Otros avances en la tecnología de las vacunas
Las vacunas de subunidades, que contienen componentes proteicos o glicoproteicos purificados de un patógeno
que se han identificado que portan epítopos críticos implicados en la inducción de una respuesta inmune
protectora (6) presentan distintas ventajas en cuanto a la inocuidad y los avances recientes en su producción
empleando la tecnología del ADN recombinante pueden facilitar su utilización más amplia (36). También se han
diseñado vacunas peptídicas sintéticas (87), sin embargo hasta el momento no han demostrado ser muy
efectivas en la inducción de protección frente a enfermedades infecciosas. Pueden existir muchas razones por
las que los péptidos sintéticos no puedan inducir inmunidad protectora. Por ejemplo, incluso los llamados
péptidos lineales muestran un grado de flexibilidad conformacional de modo que adoptan una estructura diferente
de aquella de la molécula parental y, por tanto, inducen anticuerpos de avidez baja frente al patógeno en
cuestión. Una desventaja potencial del uso de péptidos que representan sitios antigénicos únicos para estimular
una respuesta de anticuerpos protectora, es la posibilidad de seleccionar mutaciones antigénicas en el patógeno.

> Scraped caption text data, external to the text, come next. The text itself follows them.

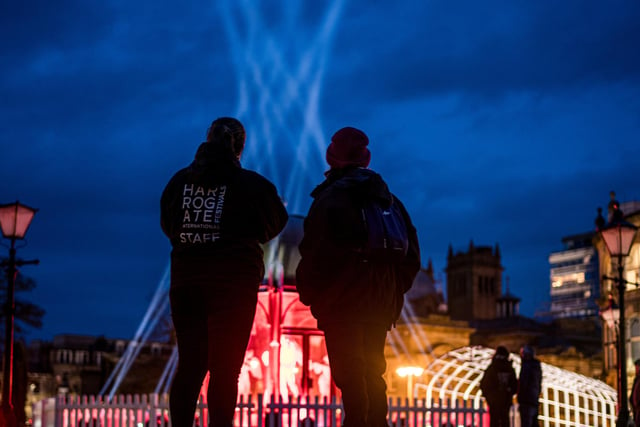 A number of landmark spaces, including Crescent Gardens and the cenotaph, will be animated with lights and soundscapes designed by the internationally renowned Leeds-based artist and lighting designer James Bawn.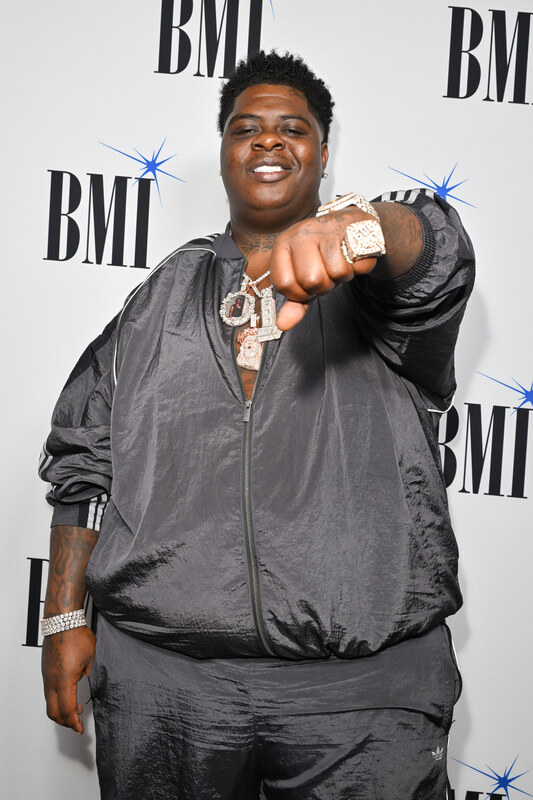 BigXthaPlug attends the 2026 BMI R&B/Hip-Hop Awards at Fairmont Century Plaza on August 26, 2026 in Los Angeles, California.  (Photo by Lester Cohen/Getty Images for BMI)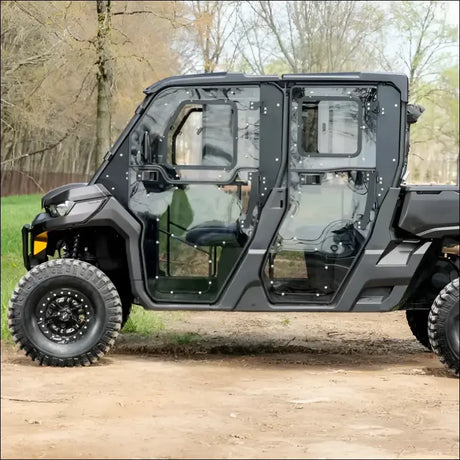 SuperATV Can-Am Defender Max Convertible Cab Enclosure Doors
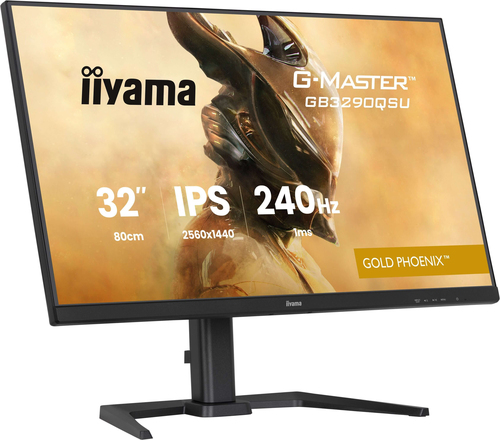 IIYAMA GB3290QSU-B1 G-Master Gold Phoeni — pilt 7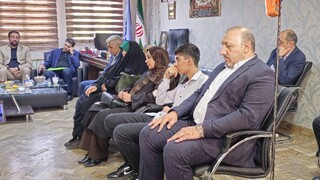 تجدید میثاق با آرمان‌های شهید محمد عزیزی با حضور دکتر نوروزی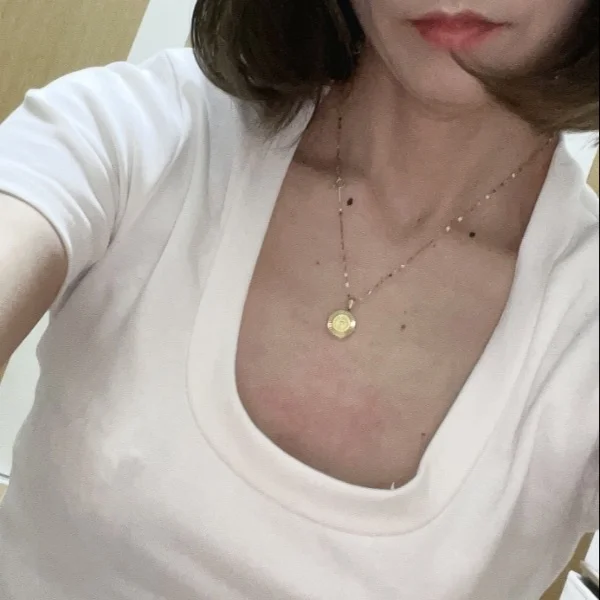 着替えました!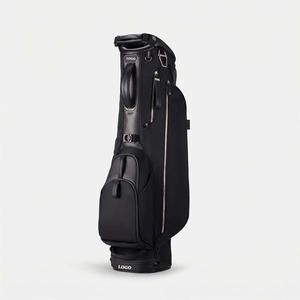 Ergonomic Design <b>Golf</b> Professional <b>Bag</b> Reliable <b>Leather</b> <b>Golf</b> <b>Bag</b> Adjustable Strap Waterproof <b>Golf</b> Cart <b>Bag</b> - Product Image 2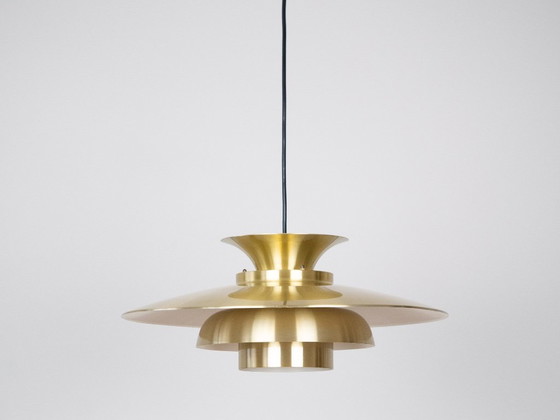 Image 1 of Danish vintage pendant lamp from 1980s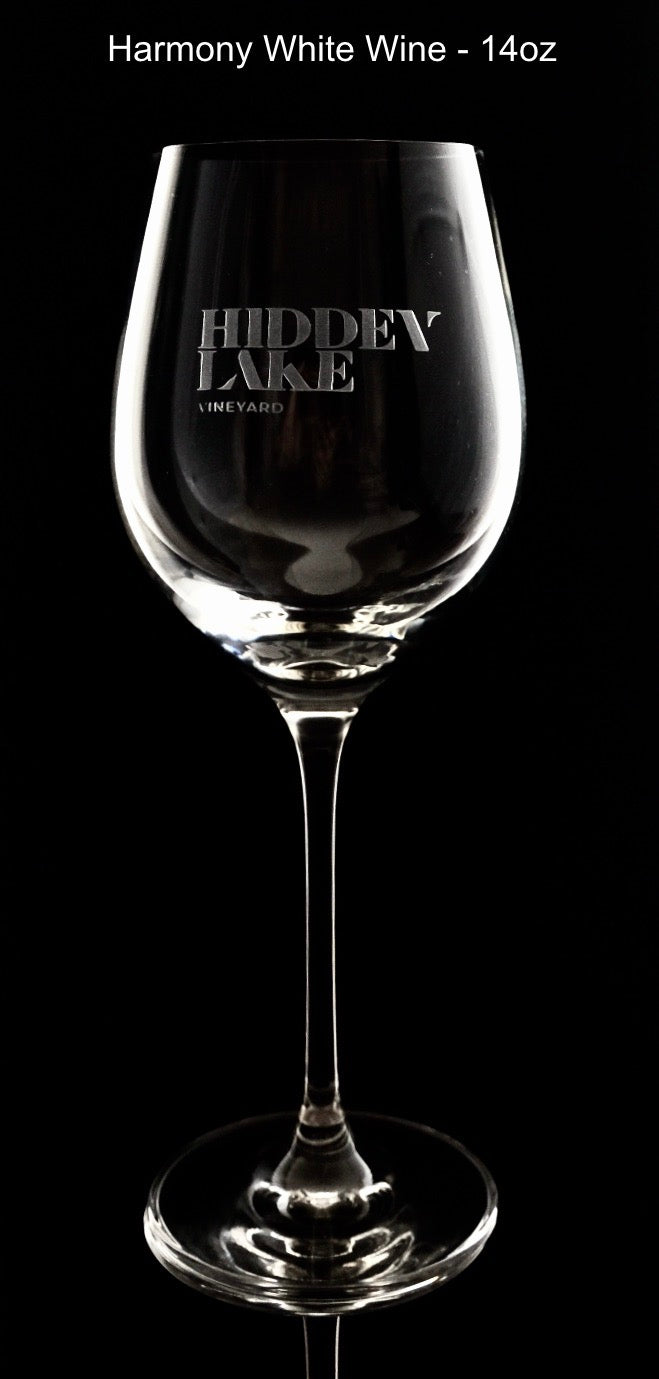Harmony White Wine Glasses - Set Of Four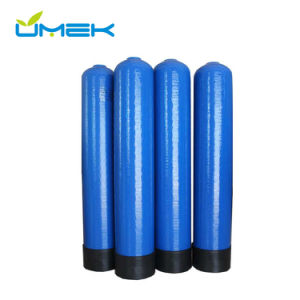 FRP Fiberglass Water Filter Tank / Softened Water Pressure Vessels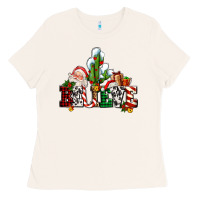 Bone believe christmas and santa Ladies Tee - AdoDesignShop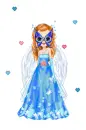 mask heart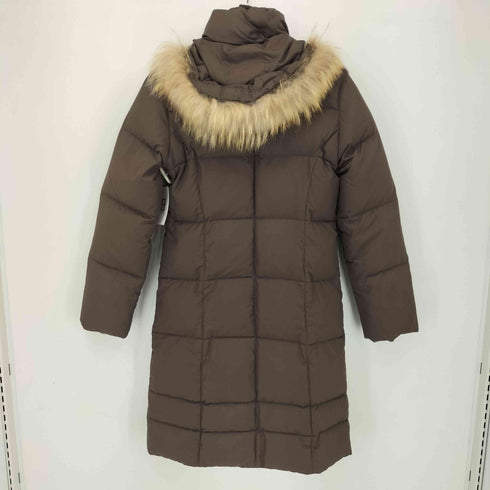 La scene privee ファー付き ダウンコート レディース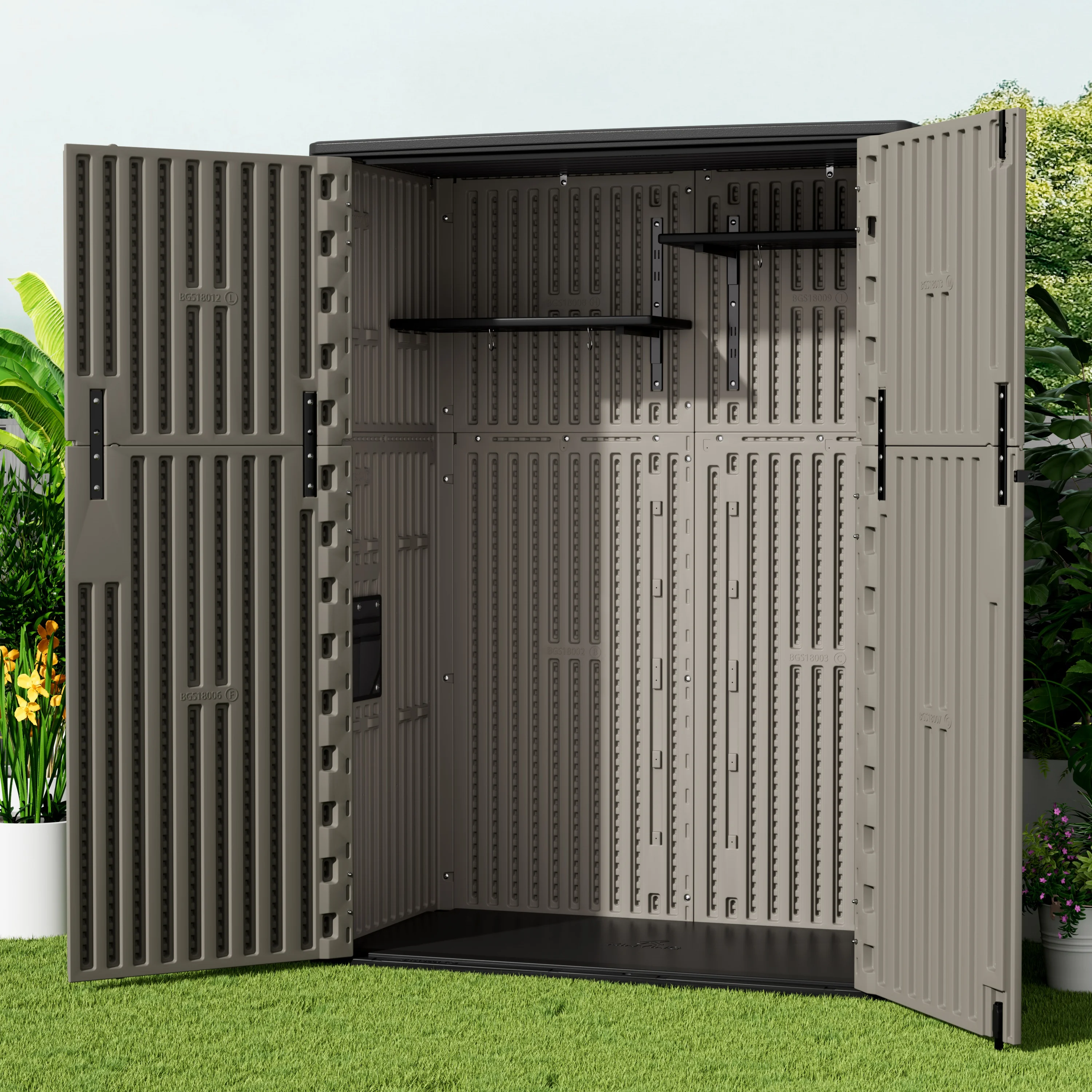 Customize Multi-function Storage Cabinet& Outdoor Garden Box&Tool Organizer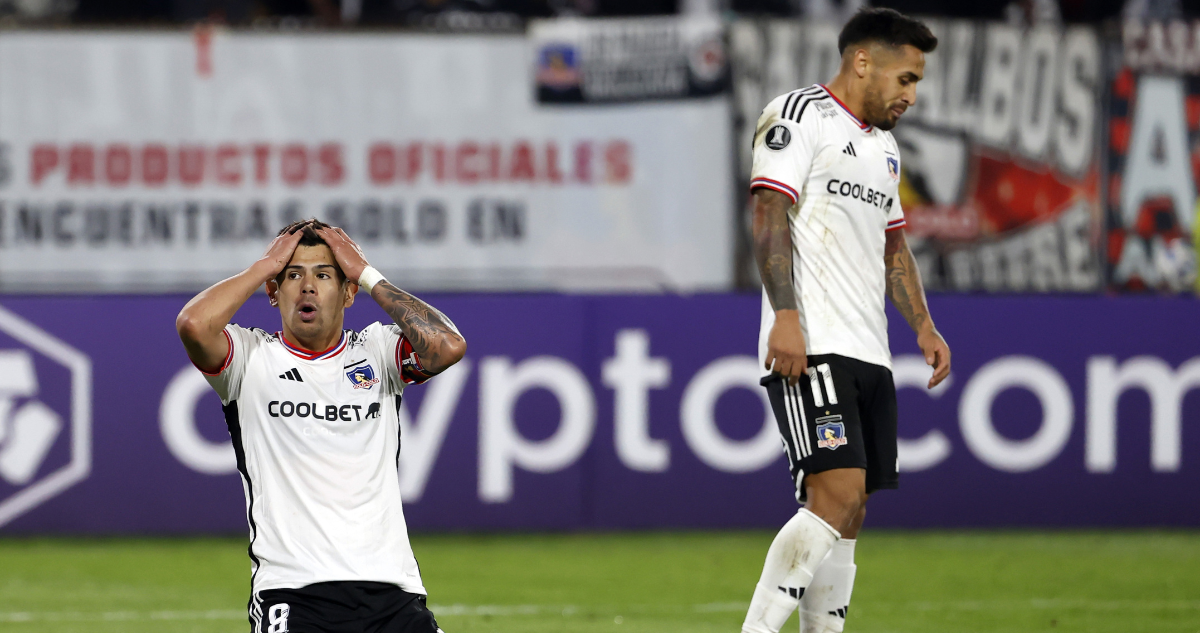 Colo Colo decepciona en Libertadores y se conforma con jugar Copa Sudamericana.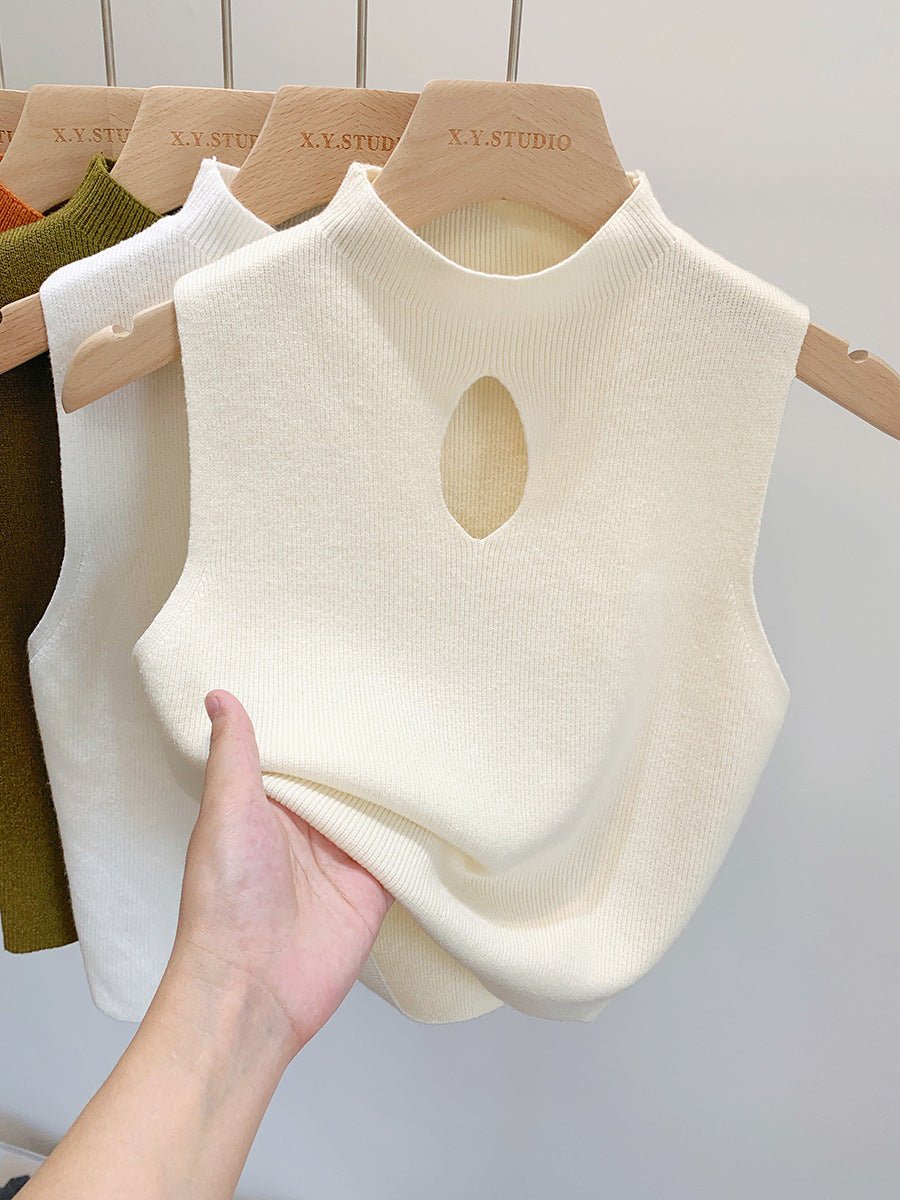 Slim Ice Silk High-Elastic Top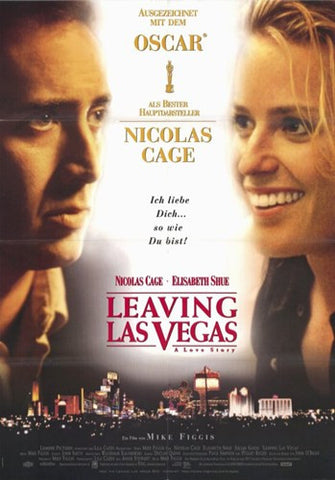 Leaving Las Vegas Movie Poster Print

Se han desarrollado varias estrategias para inducir respuestas de los linfocitos T citotóxicos (CTL) empleando
péptidos, tal como acoplar epítopos CTL a toxinas que son capaces de invadir células eucarióticas o construir
partículas tipo virus que porten epitopos CTL foráneos (137, 140). Sin embargo, la utilidad de este enfoque en
poblaciones híbridas se encuentra limitada por el polimorfismo de las moléculas del complejo principal de
histocompatibilidad. A partir de partículas producidas procedentes del gen TYA del retrotransposón Ty de
levaduras se han preparado otras vacunas con partículas tipo virus que implican proteínas de autoensamblaje
que se pueden utilizar para transportar antígenos foráneos (47). Una vacuna compuesta por partículas tipo virus
vacías producidas mediante la expresión de las cuatro proteínas estructurales principales del virus de la lengua
azul en baculovirus, ha demostrado que protege contra el desafío con el virus de la lengua azul (131).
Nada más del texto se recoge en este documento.